In questa sede ci proponiamo di analizzare proprio la tematica del cosiddetto atavismo nell’opera dello scrittore gallese, vale a dire la possibilità che ricompaiano, a distanza di alcune generazioni, caratteristiche degli antenati che erano scomparse nelle successive generazioni. Nei racconti di Machen, lo spettro dell’atavismo è connesso a doppio filo alla questione, centrale nella sua mitopoiesi, del «Piccolo Popolo» (genia leggendaria che l’Autore chiama The Fair Ones) che attraversa l’intera sua opera. (Marco Maculotti, I Fair Ones, l’atavismo e la «regressione protoplasmatica»: la mitopoiesi panica di Arthur Machen)

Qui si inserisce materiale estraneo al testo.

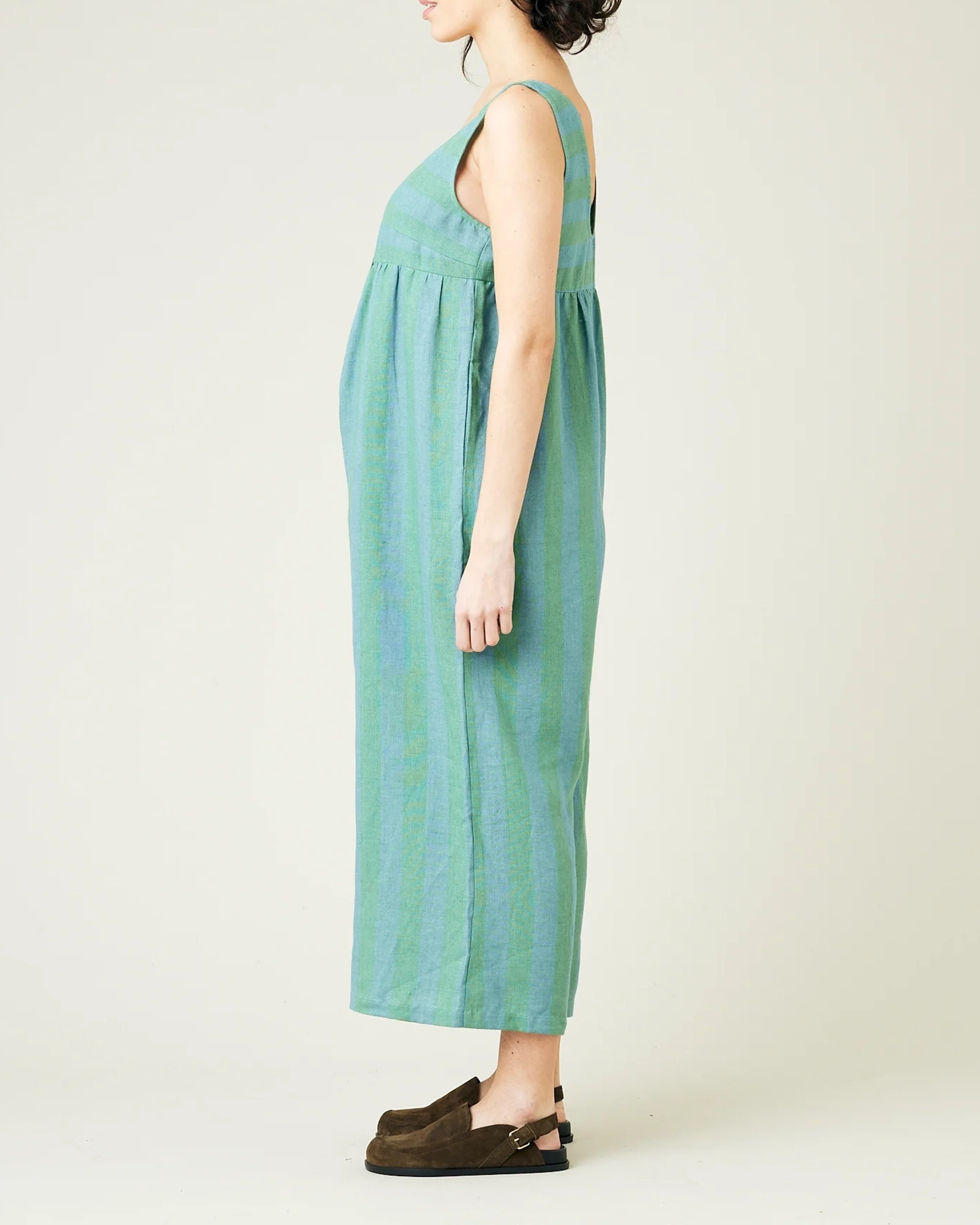 OCEAN STRIPE LINEN JUMPSUIT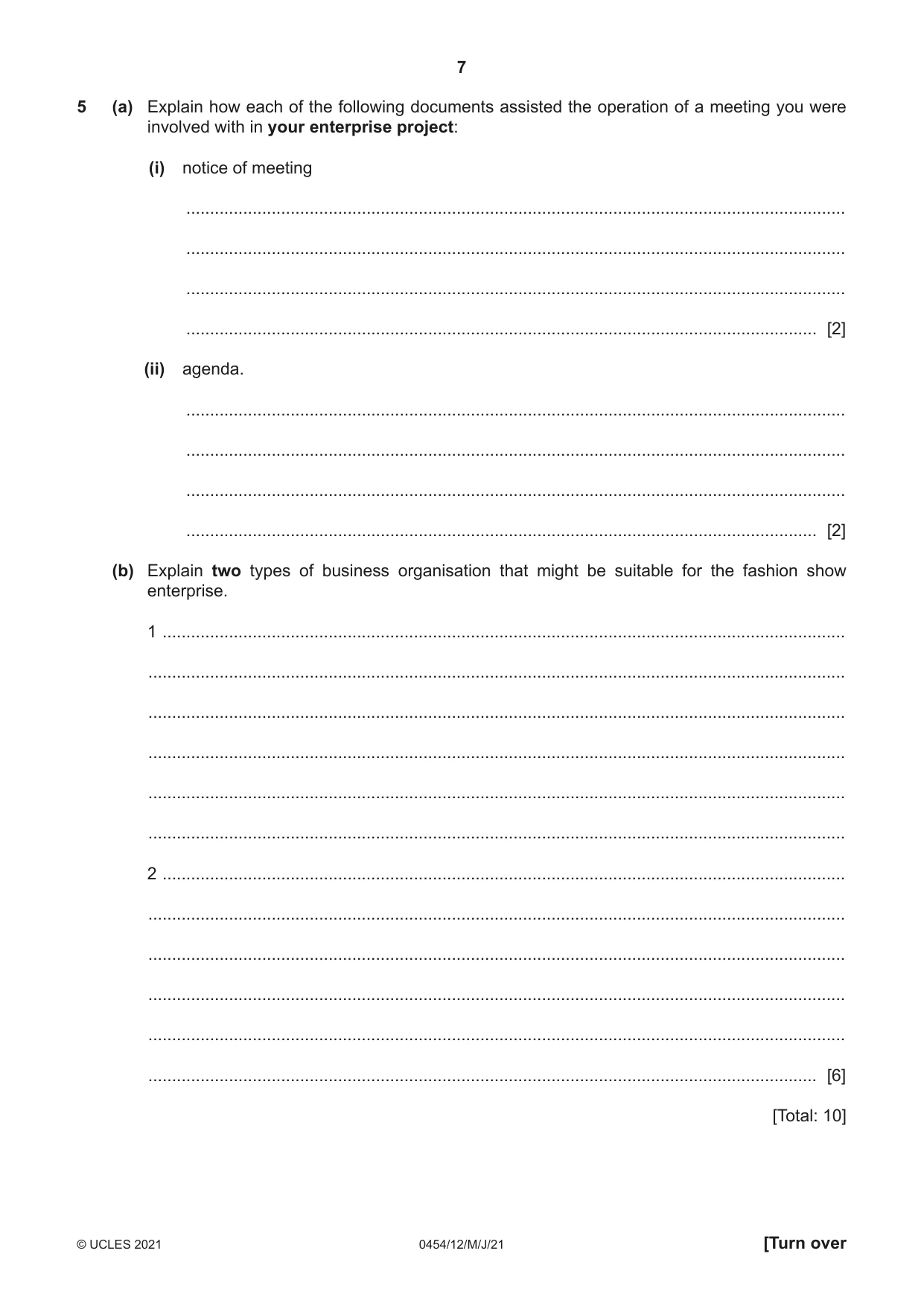Cambridge IGCSE Enterprise 0454 2021 May/June Paper 1 · Variant 2 question paper, page 7 of 16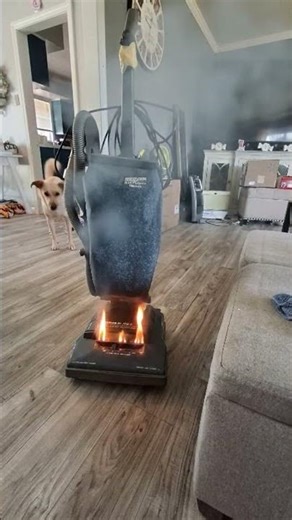 vacuum cleaner catches fire
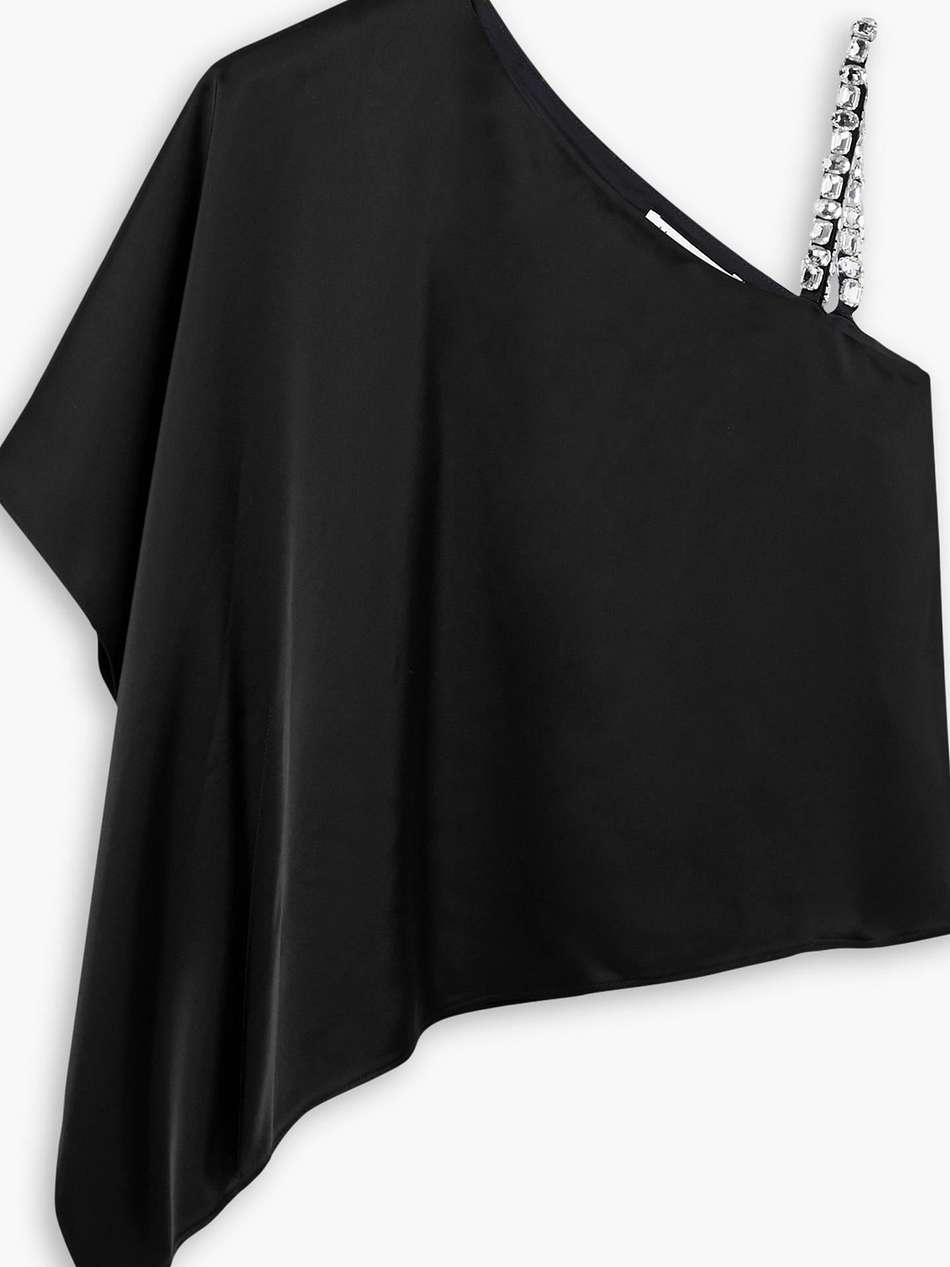 riko crystal-embellished one-shoulder satin top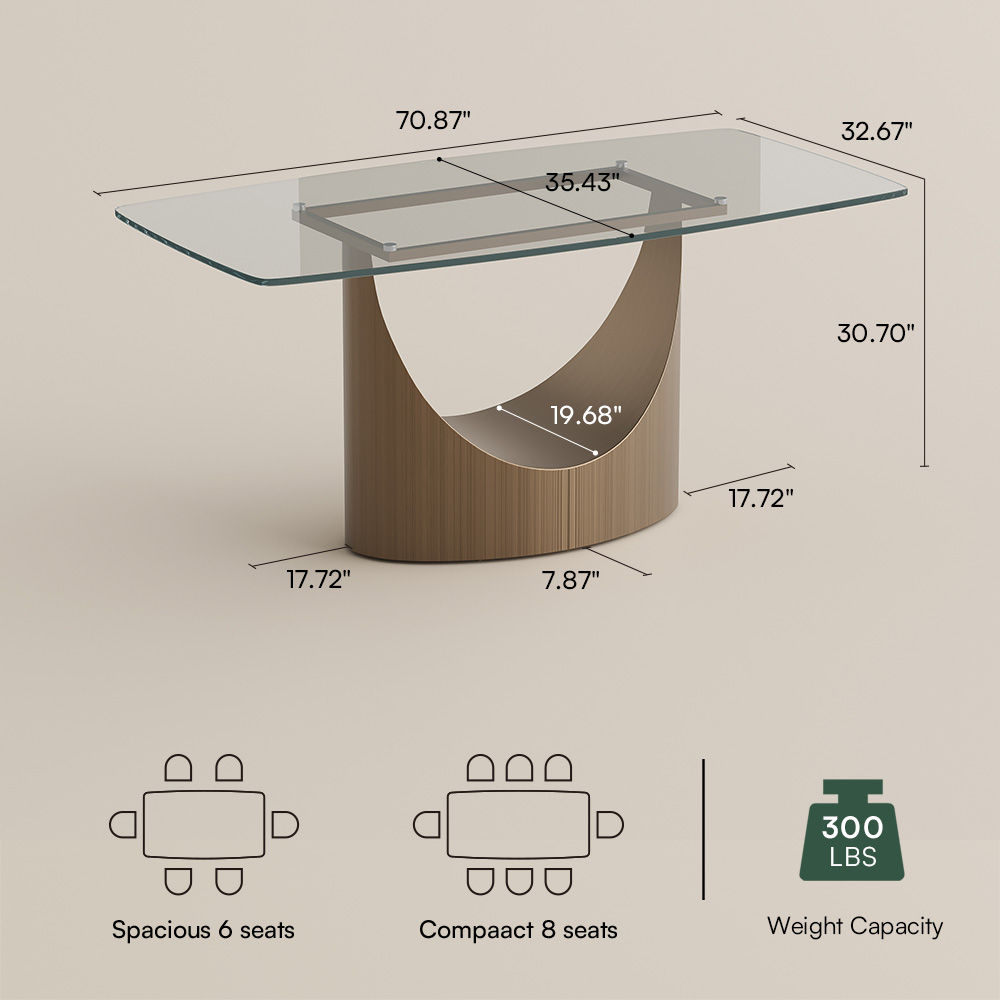 Transparent & Bronze Tempered Glass Dining Room Set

Alza nettamente l'asticella Marco Maculotti, invitandoci a considerare l'atavismo nell'opera di Arthur Machen, ovvero sul come le creature della sua mitologia siano in realtà residui di una razza ancestrale, ormai involutasi, relegata su un diverso piano di esistenza dalla comparsa dell'uomo moderno. "Una progenie maledetta e dimenticata, figlia della depravazione Satanica e vero e proprio cancro putrescente del nostro pianeta, dove attraverso ogni tipo di singole porte, strisciano ancora oggi fra di noi tutti gli orrori più maligni e spaventosi che erano già vecchi quando l’uomo non era ancora giovane". Il riferimento ai ai Fair Ones e al cosiddetto fenomeno del changeling sono quasi automatici, rappresentando ad oggi il punto d'incontro di quasi tutte le culture, e fanno da premessa a ciò che lo stesso Machen (cfr. "La storia del sigillo nero") definisce regressione protoplasmatica: ovvero quel fenomeno secondo il quale esseri umani, preferibilmente in tenera età, possano regredire ed entrare in contatto col cosiddetto «mondo infero». L'analisi di Maculotti attraversa tutta la produzione artistica dello scrittore gallese, naturalmente con un occhio di riguardo al "Grande Dio Pan" e alle sue suggestioni demoniache a cui il cinema e la letteratura degli ultimi cinquant'anni sono indiscutibilmente debitrici.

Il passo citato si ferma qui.